Faced with growing instances of intolerance and violence in school as well as declining attention levels, the National Council for Education Research and Training (NCERT) has decided to turn to students for solutions.
“We want children to describe their emotions about the process of learning to us. That is crucial as it will assist us in preparing teachers to deal with the children and their emotional needs. Emotions are the key,” Seema Gulati, who heads the psychology department at the NCERT, said.
Students of Classes VII, IX and XI will be asked to reply to open-ended questions and fill in incomplete sentences, which will then be evaluated by the NCERT’s psychology wing. This is the first time that the NCERT is trying to understand the “emotional aspects” of schooling.
Although the NCERT had planned it earlier, the study comes soon after India witnessed its first school shooting, which left a Class VIII student dead after two classmates shot him at Euro International School in Gurgaon.
Agastya and Vikram (names changed) have told police that they had attacked Abhishek Tyagi to take revenge against his bullying ways.
That the simmering tiff had not been brought to the notice of teachers and school authorities indicated that the students were not comfortable revealing their emotions to their teachers, school principal Mamta Sharma said.
“They never complained to us. We never had a clue something like this was going to happen,” Sharma said.

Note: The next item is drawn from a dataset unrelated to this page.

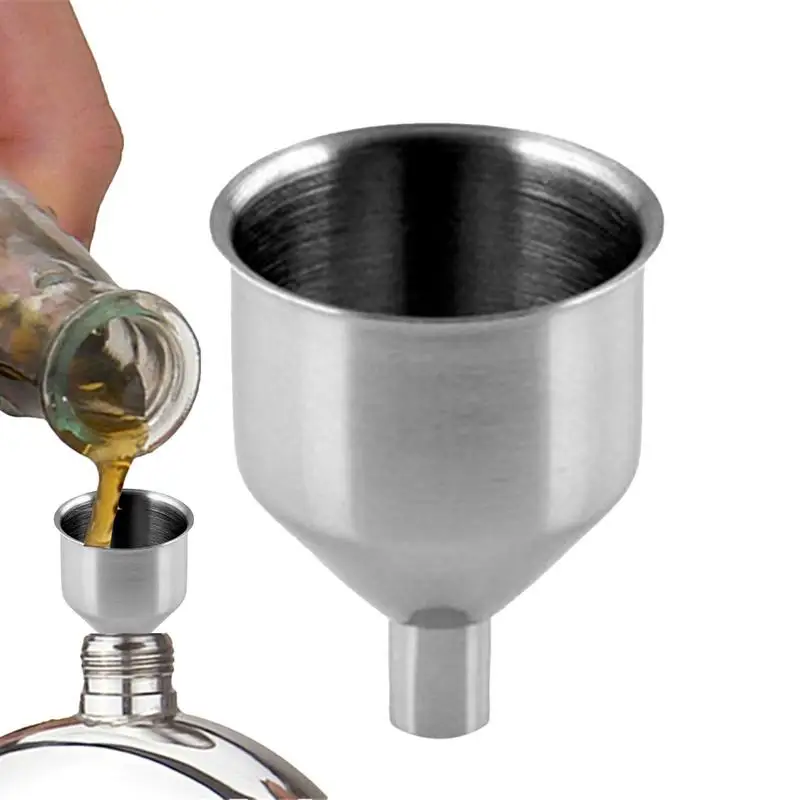 Very Popular 2 Styles Stainless Steel Oil Liquid Funnel Spices Liquid Funnel For Filling Bottles Kitchen Small Mouth Hoppers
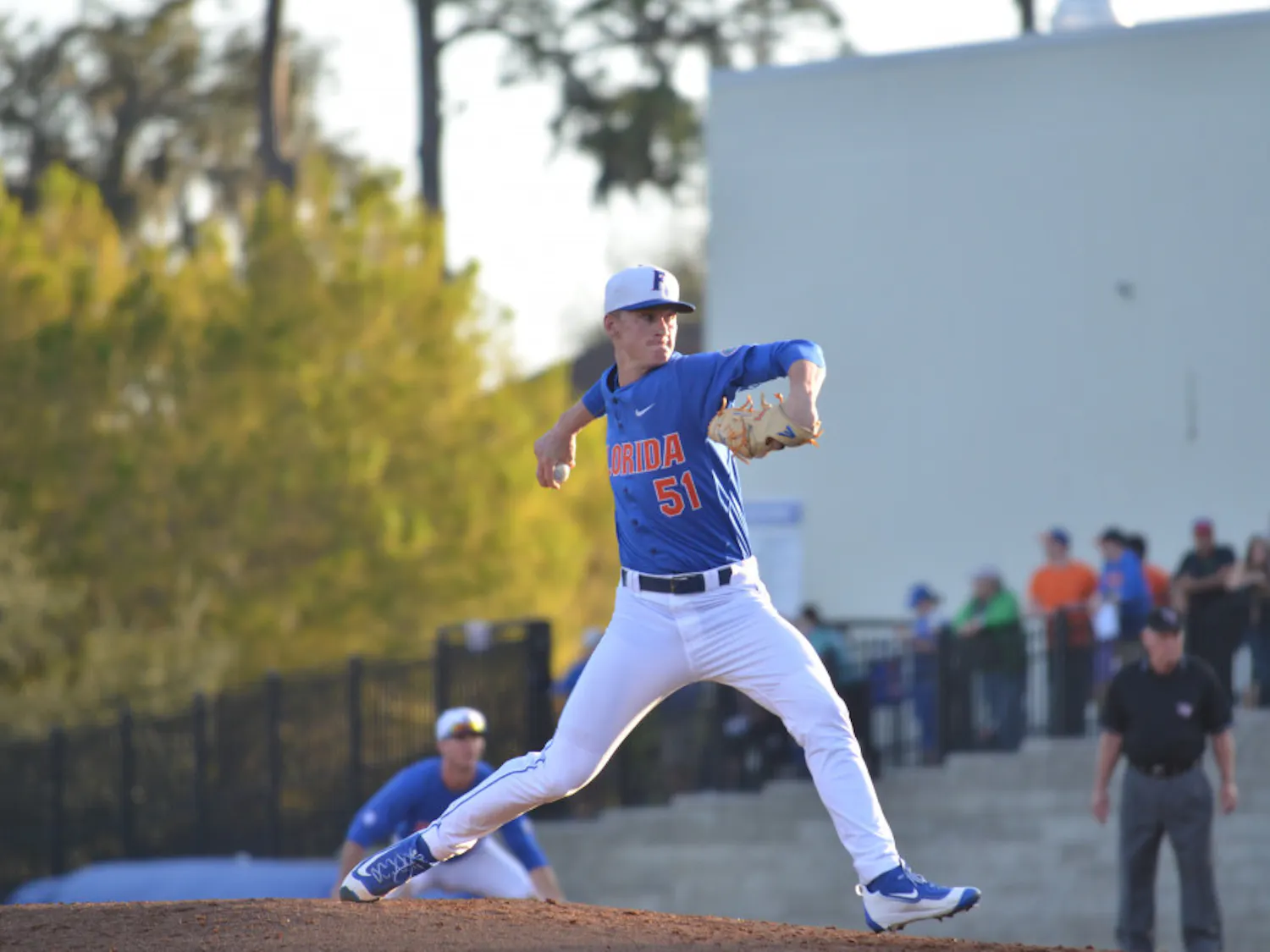 Brady Singer pitches during Florida's 8-4 win against Florida Gulf Coast on Feb. 20, 2016, at McKethan Stadium.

For the NCERT study, students will be asked to complete sentences like “I feel happiest when my teacher…,” Gulati said.
The research will be conducted in two phases and NCERT officials hope to complete it by 2009.
First, the NCERT will try and understand what makes students like or dislike the way their teachers treat them, what makes the school environment friendly and whether the curriculum helps them understand their likes and dislikes.
Children will be encouraged to point out the problems they face when they want to express themselves.
“We will select some schools with the aim of covering the rural and urban population. Both private and public schools will be covered. Girls and boys will have equal representation,” Gulati said.
In the next phase, the body will move to tackle the “trouble areas” identified in the first phase, the officials said.
The study is in tune with the NCERT’s new approach to school education, as prescribed by its National Curriculum Framework brought out two years ago, the officials said.
The framework lays emphasis on making the “learner the centre of the learning process”, Gulati said.